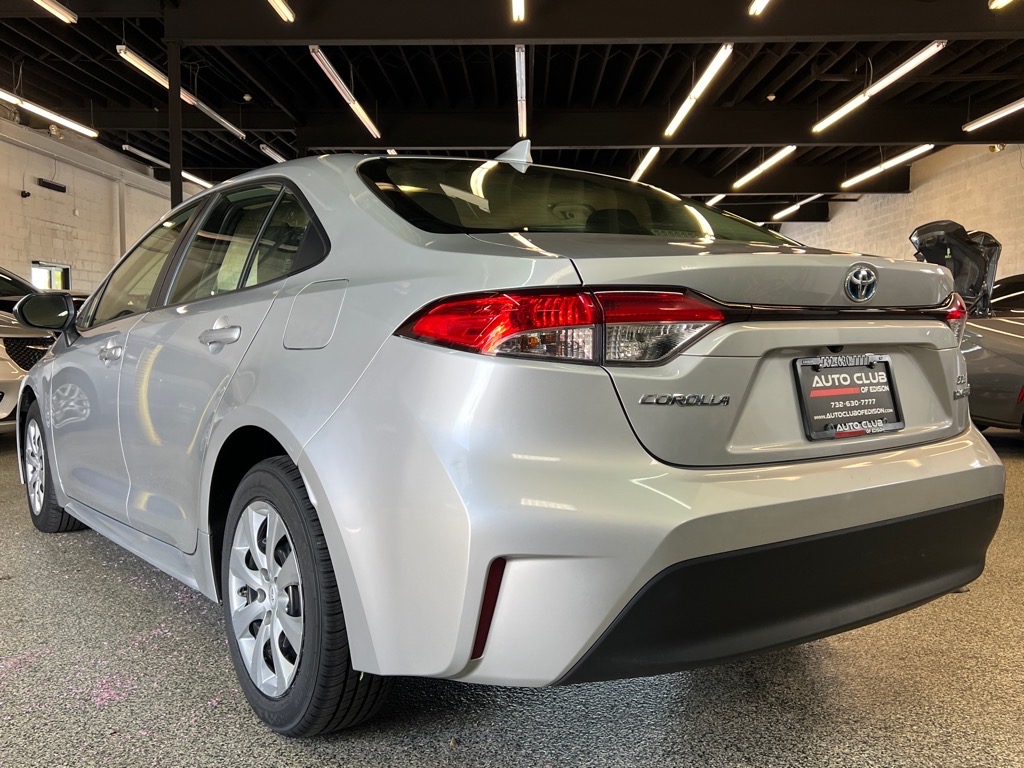 Vehicle image 4 of 22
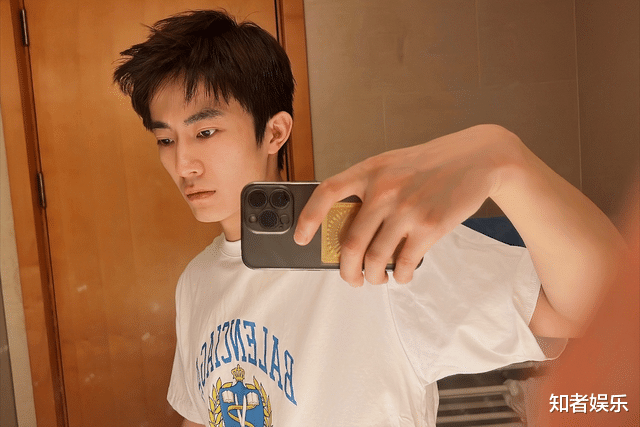 易烊千玺|张开泰出道6年，搭档张楚寒后才出圈，酷似易烊千玺未必是优势？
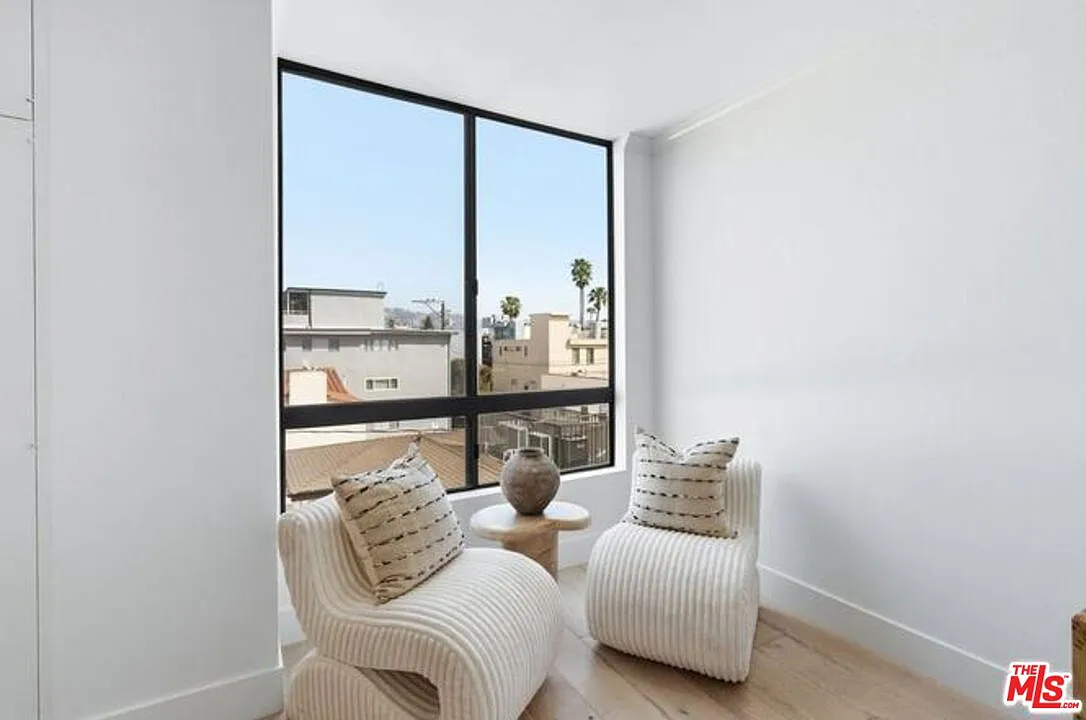 2 bed, 2.0 bath, 1587 sqft, $5,950 — Photo 4
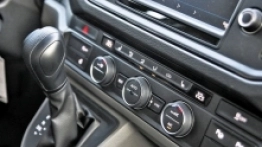 8. Automatyczna skrzynia biegów, liczne systemy bezpieczeństwa – tego nie znajdziemy u konkurencji - zdjęcie 8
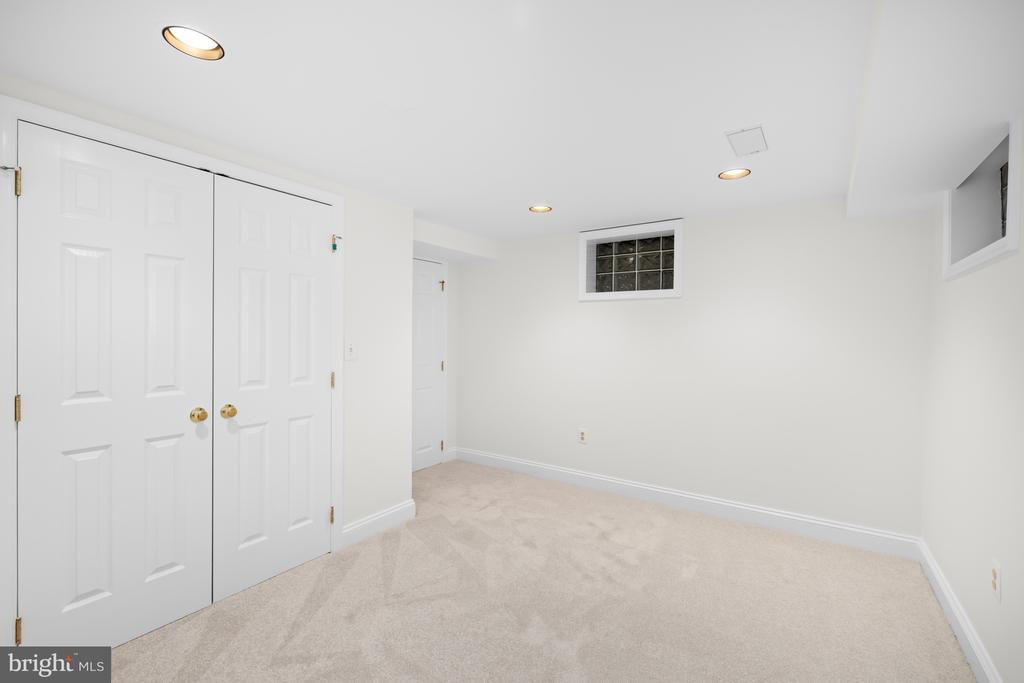 8047 GLENDALE ROAD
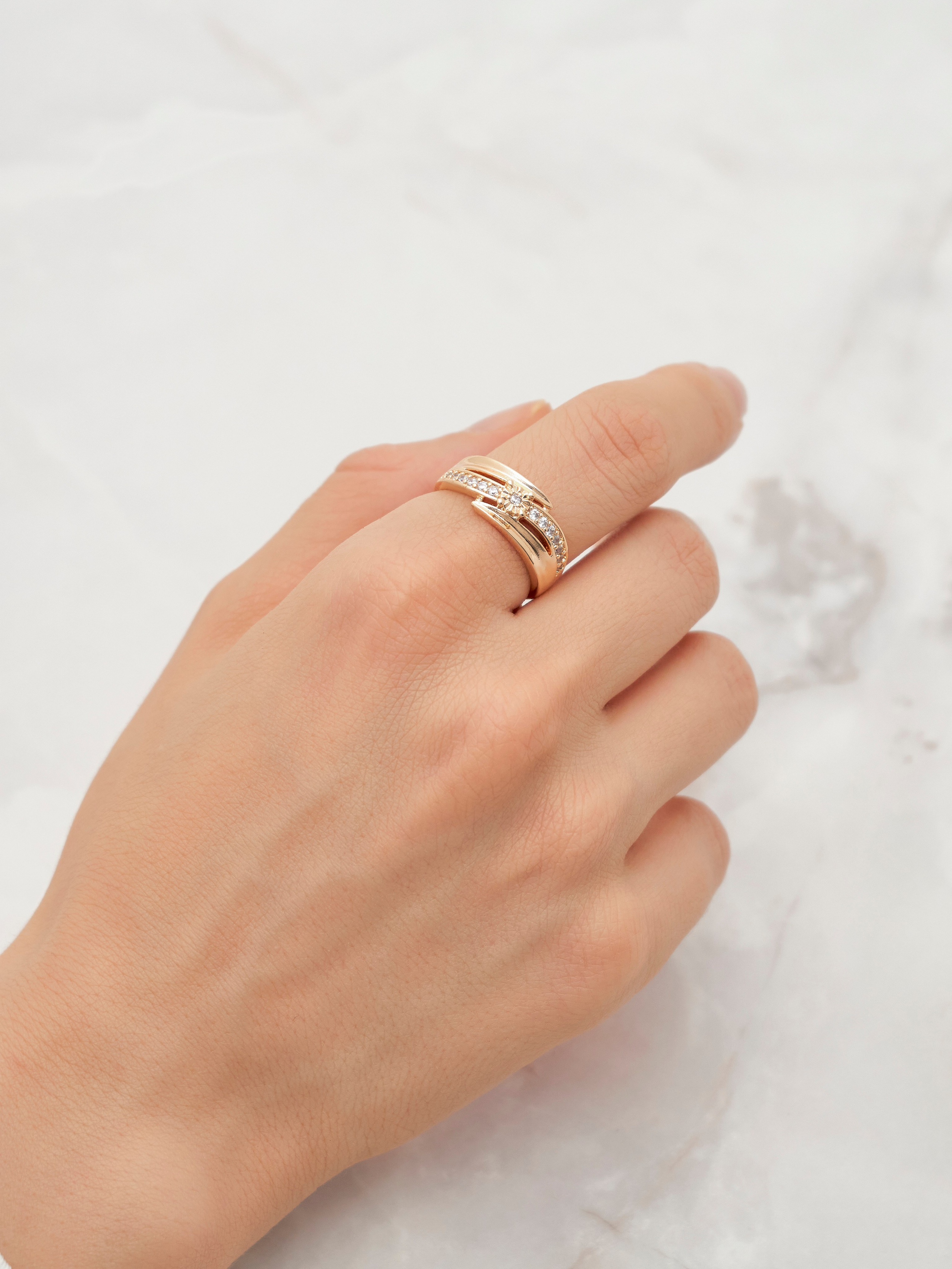 Ювелирные изделия. Каталожный предметный фотограф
+++++
▶ [WHAT YOU ARE ASKED TO DO]
All of the material above should be set down again exactly, though not its pictures.

▶ [TASK ANSWER]
 Vehicle image 4 of 22
 易烊千玺|张开泰出道6年，搭档张楚寒后才出圈，酷似易烊千玺未必是优势？
 2 bed, 2.0 bath, 1587 sqft, $5,950 — Photo 4
 8. Automatyczna skrzynia biegów, liczne systemy bezpieczeństwa – tego nie znajdziemy u konkurencji - zdjęcie 8
 8047 GLENDALE ROAD
 Ювелирные изделия. Каталожный предметный фотограф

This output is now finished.